On the anniversary of the 9/11 attacks both President Obama and GOP presidential nominee Mitt Romney stood down their attack ads, at least for 24 hours. Both marked the occasion with solemn, national security-themed appearances – Obama at the Pentagon Memorial in Arlington, Va., and Romney at a National Guard convention in Reno, Nev. Both tweeted about their patriotic feelings and heartfelt reactions to that now-distant, terrible day.

Does that mean that campaign 2012 ground to a halt for a welcome respite? Nope, it doesn’t mean that, not really. The battle for the White House continued almost apace.

Those attack ads might not have aired in Ohio and Florida, for instance, but that doesn’t mean the campaigns pulled them off the Web. Targeted Internet political advertising – an increasingly important part of campaigning – kept right on going. We received both an invitation to sign President Obama’s birthday card and to donate $25 to Mitt Romney while flipping through web sites in advance of writing this article.

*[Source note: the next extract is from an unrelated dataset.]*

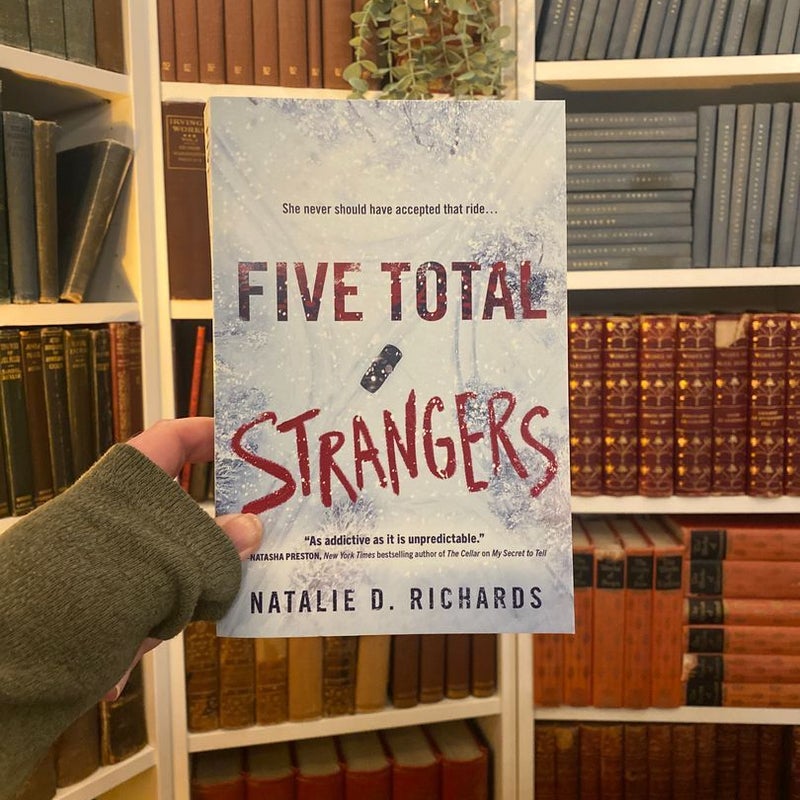 Five Total Strangers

The candidates’ own campaign home pages were pretty much business as usual. Obama’s site featured a fund-raising appeal from First Lady Michelle Obama and some photos from the just-concluded Democratic National Convention in Charlotte, N.C. Mitt Romney’s page led with a big photo of the candidate and his VP pick, Paul Ryan, smiling and waving to a crowd, along with a video about the national debt that’s accumulated under Obama. Romney, at least, had his tweets about the day displayed in a corner.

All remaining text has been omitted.